What is great about Penguin Computing entering this market is that these guys have great expertise in HPC clusters. And from what I was able to learn so far - they did it right: user is provided with remote access over SSH as expected, hardware choice is very good (high-end Intel processors, InfiniBand connections if needed, GPU access if needed), and cluster is managed by Scyld (logically, as Scyld is their product; but Scyld is also, in my experience, very nice choice, from user perspective, for that kind of setup). However, there is hefty “setup” price attached ($5000, and it seems no hours are included in this), and core hours are not that cheap either (I was told pricing starts from $0.70 per hour); and on the other side it is rather hard (not much details about the offer available: no public mailing list or forum to inquire, sales guys very kind but somehow slow in providing details) to get more precise information about various peculiarities in using that kind of system (for example: how exactly hours used are calculated, what are policies about drivers and software stack updates, etc.).

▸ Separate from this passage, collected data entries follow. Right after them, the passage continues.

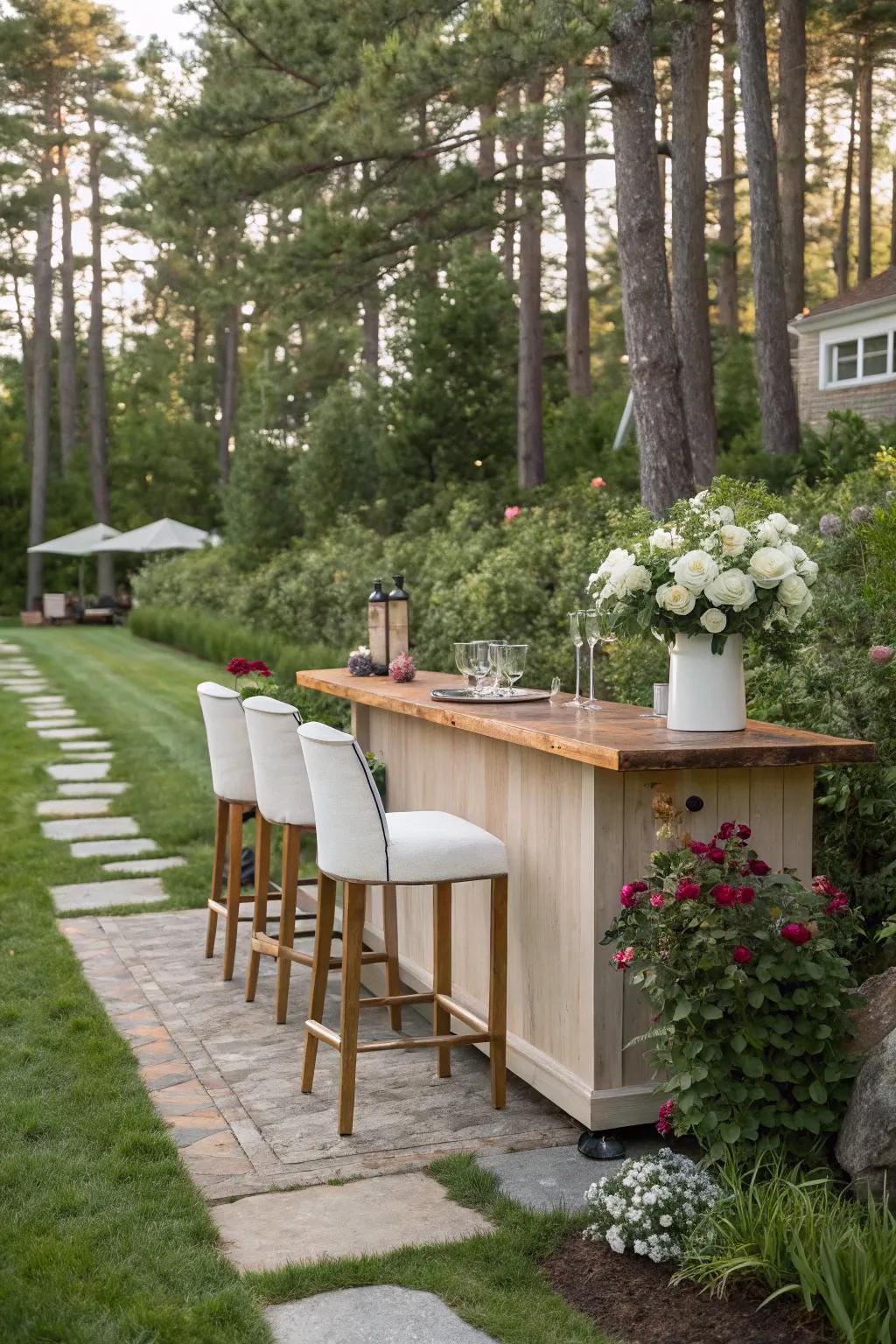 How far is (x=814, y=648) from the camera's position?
5.06 meters

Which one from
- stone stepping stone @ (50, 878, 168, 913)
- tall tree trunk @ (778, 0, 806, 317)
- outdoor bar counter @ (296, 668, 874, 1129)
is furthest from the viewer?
tall tree trunk @ (778, 0, 806, 317)

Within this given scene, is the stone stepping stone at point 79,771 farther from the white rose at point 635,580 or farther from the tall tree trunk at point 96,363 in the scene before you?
the tall tree trunk at point 96,363

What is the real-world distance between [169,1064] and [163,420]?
1167 inches

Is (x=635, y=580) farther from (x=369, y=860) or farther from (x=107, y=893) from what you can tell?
(x=107, y=893)

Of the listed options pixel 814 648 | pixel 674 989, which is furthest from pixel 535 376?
pixel 674 989

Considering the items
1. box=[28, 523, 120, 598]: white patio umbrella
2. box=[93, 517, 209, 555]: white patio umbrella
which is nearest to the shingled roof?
box=[93, 517, 209, 555]: white patio umbrella

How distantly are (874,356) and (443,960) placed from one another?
46.9 ft

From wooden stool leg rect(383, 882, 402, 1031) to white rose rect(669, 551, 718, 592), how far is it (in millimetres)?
1679

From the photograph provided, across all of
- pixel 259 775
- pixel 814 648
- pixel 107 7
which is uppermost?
pixel 107 7

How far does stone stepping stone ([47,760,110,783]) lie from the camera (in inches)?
367

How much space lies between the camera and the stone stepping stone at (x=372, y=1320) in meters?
2.77

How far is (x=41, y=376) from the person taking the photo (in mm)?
28547

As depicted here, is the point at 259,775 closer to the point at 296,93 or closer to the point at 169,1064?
the point at 169,1064

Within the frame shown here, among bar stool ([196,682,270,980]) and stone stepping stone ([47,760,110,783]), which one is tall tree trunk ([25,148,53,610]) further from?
bar stool ([196,682,270,980]) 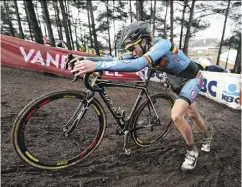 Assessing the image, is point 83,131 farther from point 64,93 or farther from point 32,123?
point 64,93

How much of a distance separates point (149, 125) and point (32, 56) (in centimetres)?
754

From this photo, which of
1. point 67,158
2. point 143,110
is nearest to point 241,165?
point 143,110

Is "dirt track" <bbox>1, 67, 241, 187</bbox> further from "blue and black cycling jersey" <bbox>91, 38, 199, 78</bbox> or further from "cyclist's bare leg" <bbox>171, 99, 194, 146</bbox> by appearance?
"blue and black cycling jersey" <bbox>91, 38, 199, 78</bbox>

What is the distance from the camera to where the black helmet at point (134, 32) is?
3.04 meters

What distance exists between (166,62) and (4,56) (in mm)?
8634

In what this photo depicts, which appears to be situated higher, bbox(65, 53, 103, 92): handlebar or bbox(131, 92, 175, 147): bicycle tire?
bbox(65, 53, 103, 92): handlebar

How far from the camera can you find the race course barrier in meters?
8.65

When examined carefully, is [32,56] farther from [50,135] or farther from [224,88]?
[224,88]

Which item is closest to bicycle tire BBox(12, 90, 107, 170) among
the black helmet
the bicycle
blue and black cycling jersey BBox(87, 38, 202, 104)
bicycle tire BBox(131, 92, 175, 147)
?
the bicycle

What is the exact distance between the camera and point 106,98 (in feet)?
10.5

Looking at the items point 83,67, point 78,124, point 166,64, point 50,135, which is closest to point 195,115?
point 166,64

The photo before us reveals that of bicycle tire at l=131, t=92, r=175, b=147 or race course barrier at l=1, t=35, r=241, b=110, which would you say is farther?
race course barrier at l=1, t=35, r=241, b=110

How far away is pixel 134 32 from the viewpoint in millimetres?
3031

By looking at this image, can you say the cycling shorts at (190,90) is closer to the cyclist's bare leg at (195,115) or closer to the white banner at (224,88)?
the cyclist's bare leg at (195,115) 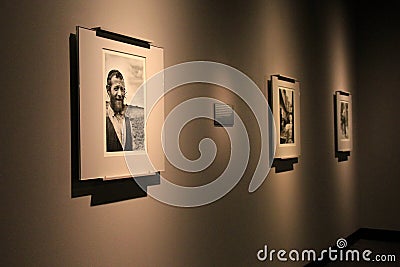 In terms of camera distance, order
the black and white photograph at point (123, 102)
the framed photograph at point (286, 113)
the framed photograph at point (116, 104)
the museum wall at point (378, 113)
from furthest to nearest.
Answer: the museum wall at point (378, 113), the framed photograph at point (286, 113), the black and white photograph at point (123, 102), the framed photograph at point (116, 104)

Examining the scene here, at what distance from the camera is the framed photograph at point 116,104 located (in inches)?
95.0

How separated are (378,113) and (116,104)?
4.90 meters

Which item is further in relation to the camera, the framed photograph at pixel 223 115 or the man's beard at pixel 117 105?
the framed photograph at pixel 223 115

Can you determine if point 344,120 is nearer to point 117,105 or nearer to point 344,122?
point 344,122

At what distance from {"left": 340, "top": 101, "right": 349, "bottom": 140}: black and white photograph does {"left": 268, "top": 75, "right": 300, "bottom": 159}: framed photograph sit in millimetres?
1399

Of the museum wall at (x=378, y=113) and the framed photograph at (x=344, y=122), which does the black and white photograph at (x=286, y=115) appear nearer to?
the framed photograph at (x=344, y=122)

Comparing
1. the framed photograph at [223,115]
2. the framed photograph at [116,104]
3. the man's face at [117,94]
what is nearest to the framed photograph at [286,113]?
the framed photograph at [223,115]

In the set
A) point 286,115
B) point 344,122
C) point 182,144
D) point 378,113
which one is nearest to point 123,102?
point 182,144

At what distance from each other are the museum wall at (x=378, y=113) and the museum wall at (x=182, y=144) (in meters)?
0.57

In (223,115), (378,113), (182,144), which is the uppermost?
(378,113)

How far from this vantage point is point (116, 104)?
2.61 metres

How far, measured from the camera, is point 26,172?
7.05 ft

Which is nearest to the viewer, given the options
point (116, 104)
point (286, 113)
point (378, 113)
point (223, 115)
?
point (116, 104)

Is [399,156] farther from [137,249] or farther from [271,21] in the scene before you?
[137,249] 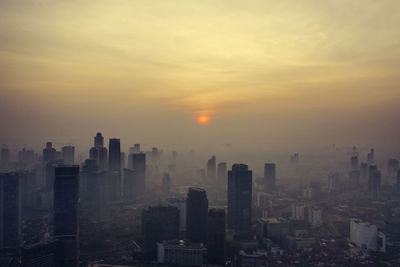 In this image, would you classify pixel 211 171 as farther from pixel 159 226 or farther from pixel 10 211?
pixel 10 211

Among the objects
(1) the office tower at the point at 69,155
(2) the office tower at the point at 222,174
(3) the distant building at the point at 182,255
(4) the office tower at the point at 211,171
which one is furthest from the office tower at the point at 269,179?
(3) the distant building at the point at 182,255

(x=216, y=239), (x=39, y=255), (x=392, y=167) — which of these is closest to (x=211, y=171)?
(x=392, y=167)

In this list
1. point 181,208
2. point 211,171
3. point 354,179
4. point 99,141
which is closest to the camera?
point 181,208

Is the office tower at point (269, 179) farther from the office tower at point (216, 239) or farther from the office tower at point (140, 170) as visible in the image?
the office tower at point (216, 239)

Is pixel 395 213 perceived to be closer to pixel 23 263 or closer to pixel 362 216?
pixel 362 216

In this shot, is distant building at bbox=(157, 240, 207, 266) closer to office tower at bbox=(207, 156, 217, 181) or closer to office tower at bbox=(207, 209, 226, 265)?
office tower at bbox=(207, 209, 226, 265)

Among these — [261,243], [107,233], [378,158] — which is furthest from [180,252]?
[378,158] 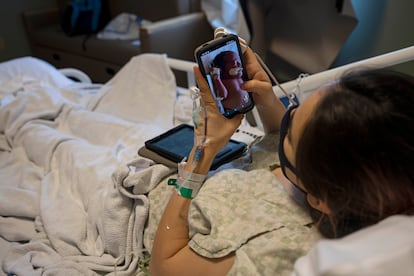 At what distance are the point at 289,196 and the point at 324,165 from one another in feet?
0.71

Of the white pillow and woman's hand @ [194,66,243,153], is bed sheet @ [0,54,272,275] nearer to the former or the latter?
woman's hand @ [194,66,243,153]

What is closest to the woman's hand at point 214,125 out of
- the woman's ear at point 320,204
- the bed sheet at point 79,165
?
the bed sheet at point 79,165

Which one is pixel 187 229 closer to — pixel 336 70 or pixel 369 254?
pixel 369 254

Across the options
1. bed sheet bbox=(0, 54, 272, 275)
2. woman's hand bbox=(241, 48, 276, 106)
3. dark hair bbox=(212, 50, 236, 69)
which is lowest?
bed sheet bbox=(0, 54, 272, 275)

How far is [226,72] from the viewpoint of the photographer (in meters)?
0.88

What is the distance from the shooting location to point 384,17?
1.78 m

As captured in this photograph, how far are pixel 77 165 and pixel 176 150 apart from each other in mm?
309

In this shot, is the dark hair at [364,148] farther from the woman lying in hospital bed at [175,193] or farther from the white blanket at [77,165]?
the white blanket at [77,165]

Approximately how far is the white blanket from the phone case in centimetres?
3

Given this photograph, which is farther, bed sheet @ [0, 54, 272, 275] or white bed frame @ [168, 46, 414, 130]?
white bed frame @ [168, 46, 414, 130]

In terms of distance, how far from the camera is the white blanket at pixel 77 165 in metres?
0.93

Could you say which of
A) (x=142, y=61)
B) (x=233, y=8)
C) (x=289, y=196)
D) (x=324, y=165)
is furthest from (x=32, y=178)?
(x=233, y=8)

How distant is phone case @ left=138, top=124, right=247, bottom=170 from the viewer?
3.19ft

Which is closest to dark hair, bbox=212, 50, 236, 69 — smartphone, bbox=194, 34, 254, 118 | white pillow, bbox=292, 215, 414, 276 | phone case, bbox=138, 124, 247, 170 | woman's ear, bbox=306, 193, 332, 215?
smartphone, bbox=194, 34, 254, 118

Out of other alike offerings, I was long ago aware of hoopoe, but seems like there is no progress from alpha testing phase from these guys long time ago, and on the other side recently I’ve encountered alike offer from ZetaExpress, but I was not inquiring about details (however, their pricing info seems to be publicly available). So I would be interested in eventual experience of forum members on any kind of system of this type, as well as on general opinion of these offerings. I still think even with pricing as high as it seems for Penguin Computing offering, that this kind of service could be cost-effective, at least for the development purposes in the kind of setup I described above: typical high-end multi-GPU machine would cost around $10000, and for that money one should be able to buy enough hours for couple years of periodical code testing and profiling, and still save himself from trouble of maintaining needed hardware, accompanying power bills, etc.